Viele Seiten im Darknet locken Besucher mit unterschiedlichsten Versprechen an, nur um ihnen dann Schadsoftware auf den Rechner zu spielen. Viele Anwender sind unbedarft und fallen auf solche Lockangebote herein, laden die Schadprogramme herunter und führen diese sogar aus. Weiterhin bieten die Browser immer wieder Sicherheitslücken, die von Hackern ausgenutzt werden können. So kann sich ein Befall des eigenen Systems ergeben, ohne dass eine Datei heruntergeladen wurde.
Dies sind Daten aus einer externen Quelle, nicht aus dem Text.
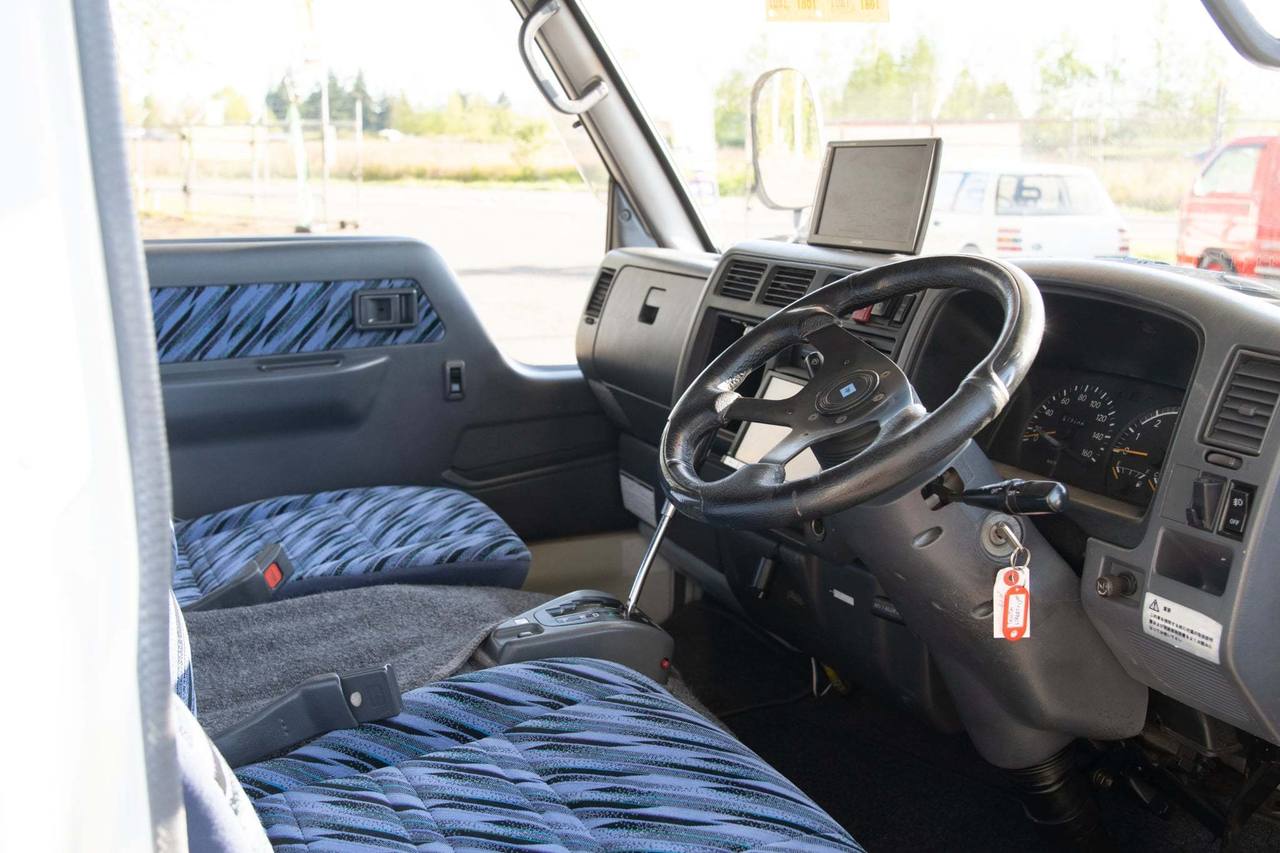 1998 Toyota Camroad Liberty 5.0 Camper 4WD, Bunk Beds, Stove, Auto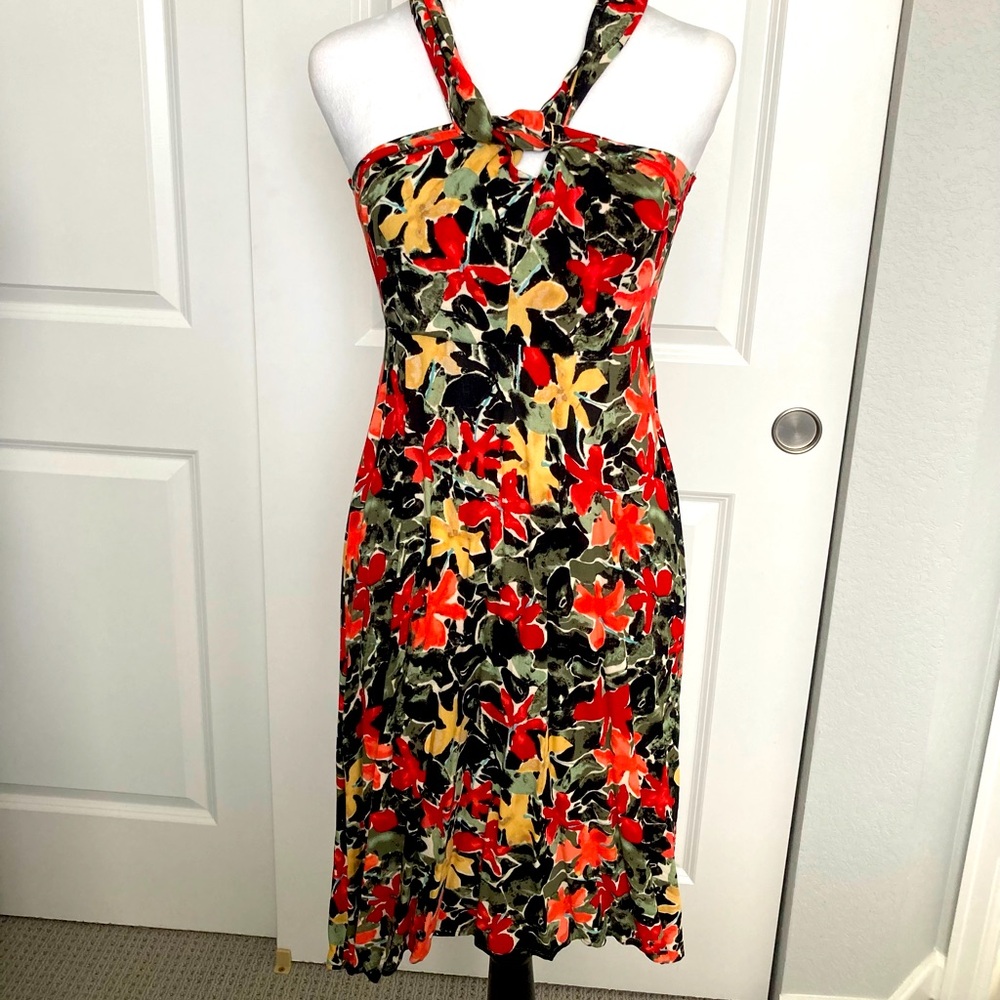 Super cute zip up open back floral sundress. This dress zips up halfway in back!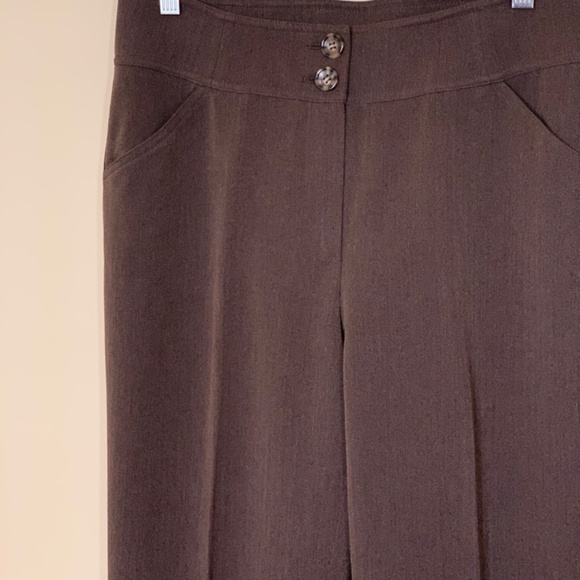 Dress Pants Size 8 with Decorative Buttons NWOT - Picture 12 of 12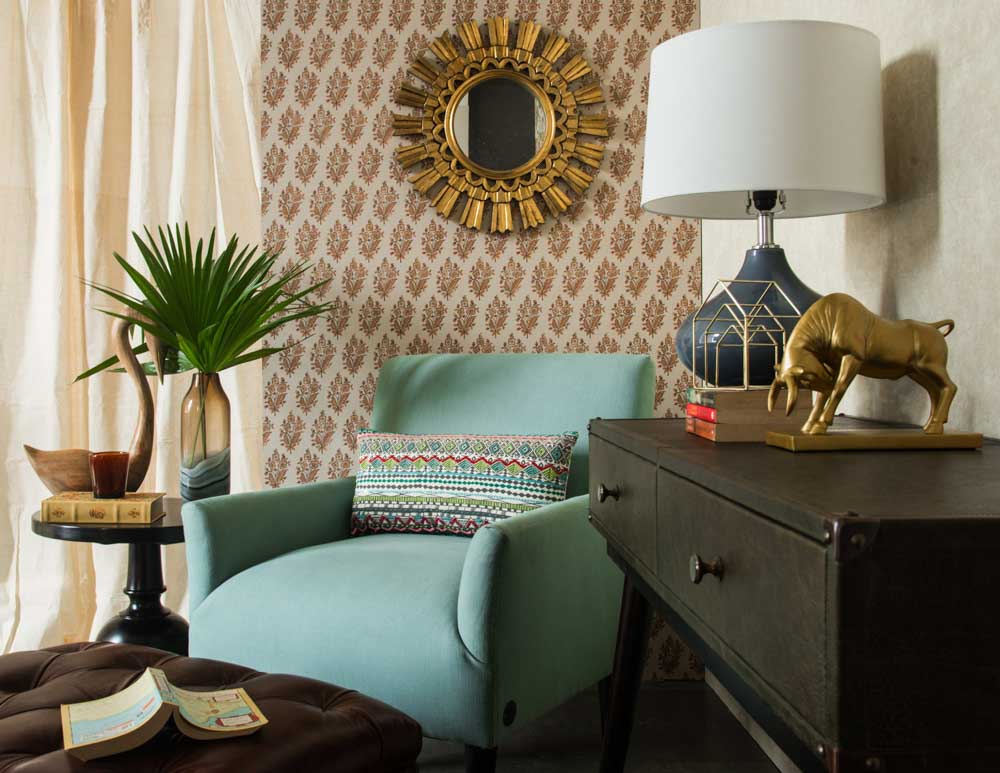 Ethnic wallpapers print with solid color scheme furniture - Beautiful Homes A traditional wallpaper with floral print with complementing home décor - Beautiful Homes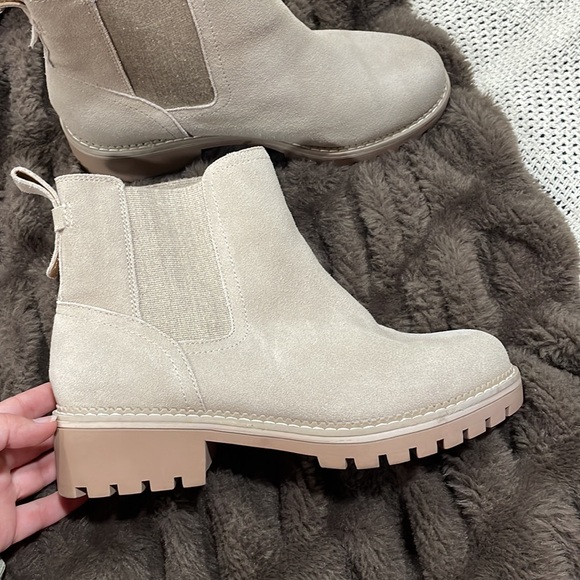 Crown vintage women’s booties - Picture 4 of 8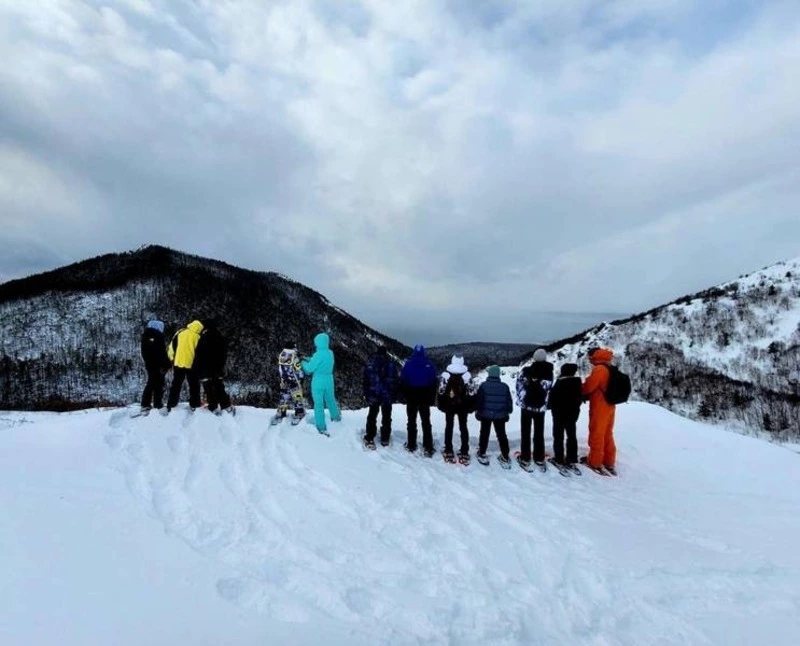 Экскурсионные туры на снегоступах стали популярны на Сахалине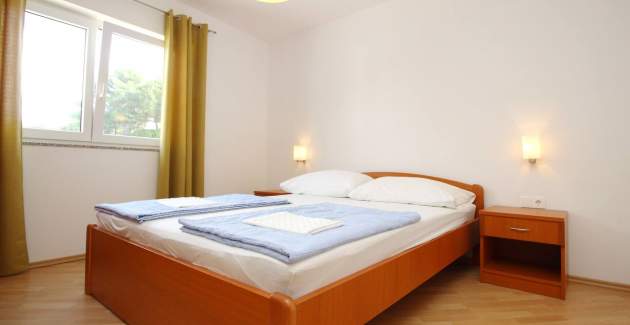 Apartment Mikulan Nara B - with Balcony, 350 m from the Beach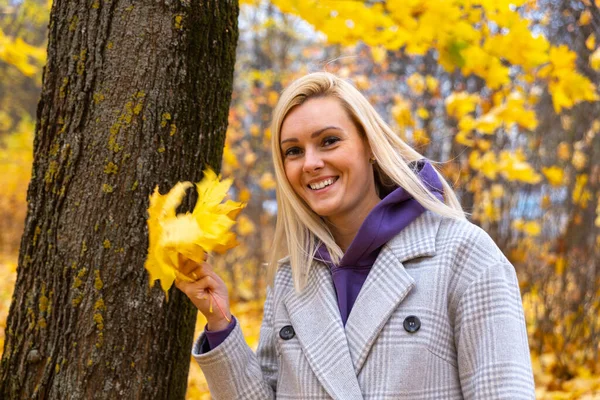 Portret Radosnej Młodej Kobiety Cieszącej Się Jesiennym Parkiem Piękna Blondynka — Zdjęcie stockowe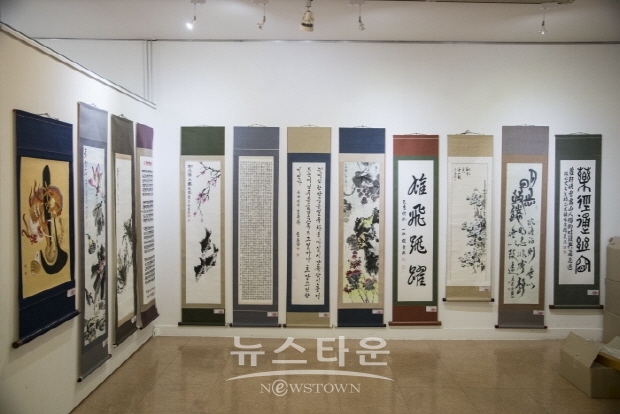 2019 아카데미미술협회 ‘가을편지 임원 및 작가’전(김한정 기자)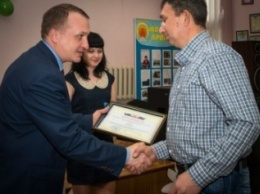 В преддверии профессионального праздника в Макеевке поздравили работников ЖКХ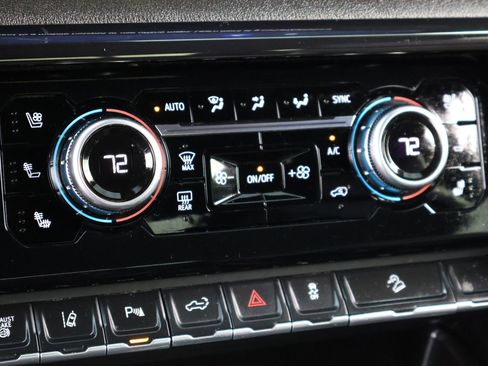 Used 2024 GMC Sierra 2500 AT4 w/ AT4 Premium Plus Package image 34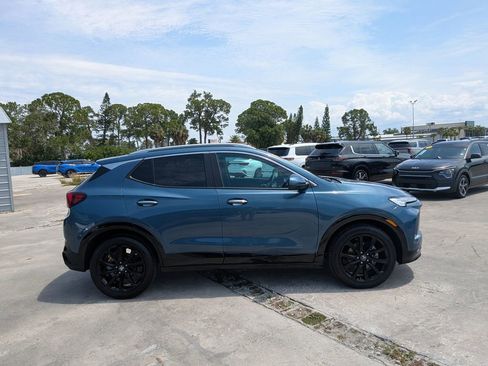 Used 2025 Buick Encore GX Sport Touring w/ Experience Buick Package FWD image 9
Ist das Darknet gut oder böse?
Letztendlich ist das Darknet ähnlich zu beurteilen wie das Internet im Allgemeinen. Die technischen Möglichkeiten können für gute und schlechte Zwecke genutzt werden. Die Anonymität ist ein großer Vorteil für jeden, der sich der Überwachung entziehen möchte. Das gilt auch für Kriminelle. Im Darknet sind nur solche Inhalte illegal, die auch im normalen Internet illegal sind. Damit kann die Nutzung des Darknets auch nicht grundsätzlich verboten werden. Whistleblower und Freiheitskämpfer haben mit dem Darknet einen Ort gefunden, an dem sie sich einigermaßen sicher bewegen können. Für die Ermittlungsbehörden wiederum ist es ein geeigneter Ort, um mit Kriminellen in Kontakt zu treten.
Eine moralische Bewertung des Darknets macht wenig Sinn. Der Vorteil des dunklen Netzes gegenüber dem Clearnet bzw. Surface Web ist nicht zu unterschätzen. Die vielen angeblich kostenlosen und praktischen Dienste im normalen Internet bezahlen Sie nämlich allzu häufig mit Ihren persönlichen Daten, weshalb es auch oft als „überwachtes Internet“ bezeichnet wird. Das ist im Darknet nicht der Fall.
Die Gefährdung der Privatsphäre
Die moderne Datenwirtschaft gefährdet die Privatsphäre der Nutzer auf vielfältige Weise. Schließlich ist es in hohem Maße problematisch, wenn staatliche Stellen und private Unternehmen immer mehr Daten über einen Nutzer ansammeln. Die vielen Daten lassen sich verknüpfen und dafür verwenden, die Interneterfahrung auf jeden Nutzer individuell zuzuschneiden, ohne dass dieser etwas davon mitbekommt. Die Selbstbestimmung der einzelnen Bürger ist damit in Gefahr.